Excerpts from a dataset
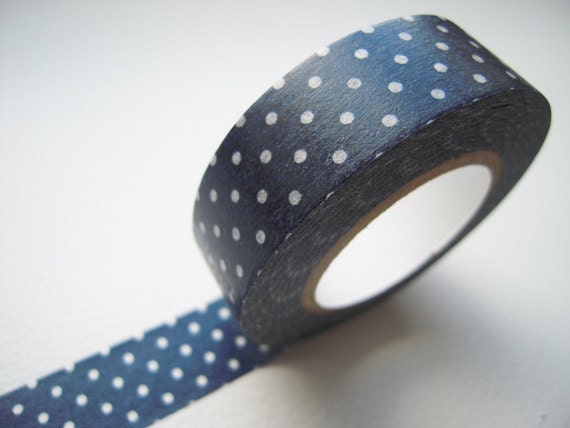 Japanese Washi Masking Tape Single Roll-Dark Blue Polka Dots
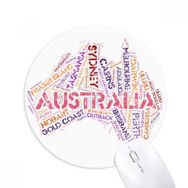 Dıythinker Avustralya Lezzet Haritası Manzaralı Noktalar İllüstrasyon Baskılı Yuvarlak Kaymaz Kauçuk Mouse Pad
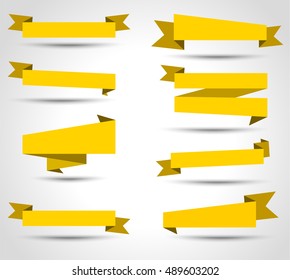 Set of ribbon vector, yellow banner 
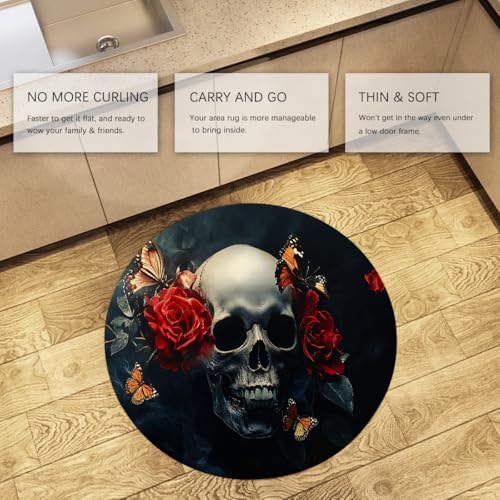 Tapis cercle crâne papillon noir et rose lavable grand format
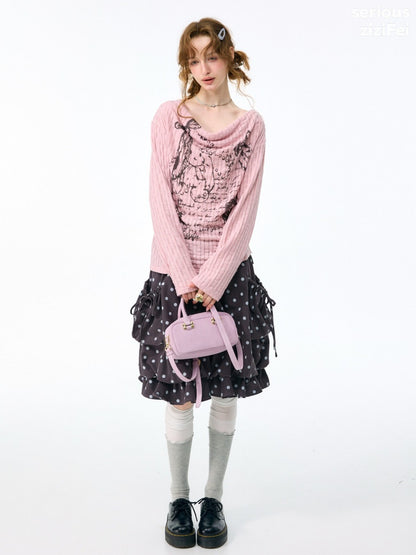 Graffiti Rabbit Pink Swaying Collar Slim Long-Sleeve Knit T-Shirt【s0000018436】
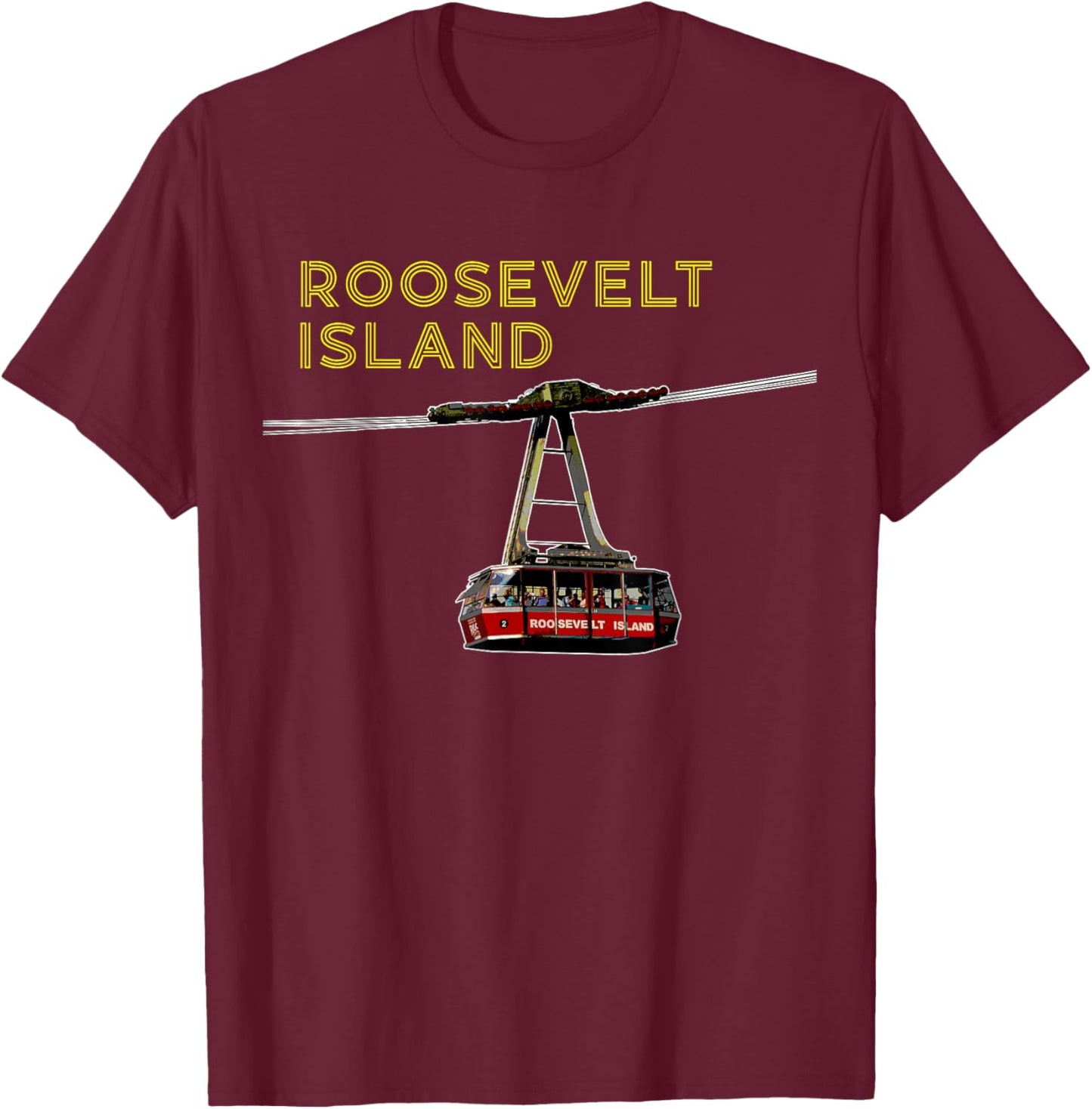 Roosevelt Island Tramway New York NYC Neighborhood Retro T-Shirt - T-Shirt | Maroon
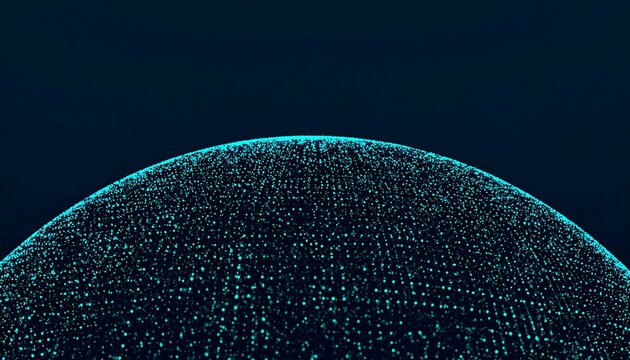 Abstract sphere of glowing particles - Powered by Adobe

# Goal of the exercise
Exactly the lines from the one containing "Graffiti Rabbit Pink" to the final line of the entries are wanted; please write them out, both ends included, but not the pictures.

# Your response
 Graffiti Rabbit Pink Swaying Collar Slim Long-Sleeve Knit T-Shirt【s0000018436】
 Roosevelt Island Tramway New York NYC Neighborhood Retro T-Shirt - T-Shirt | Maroon
 Abstract sphere of glowing particles - Powered by Adobe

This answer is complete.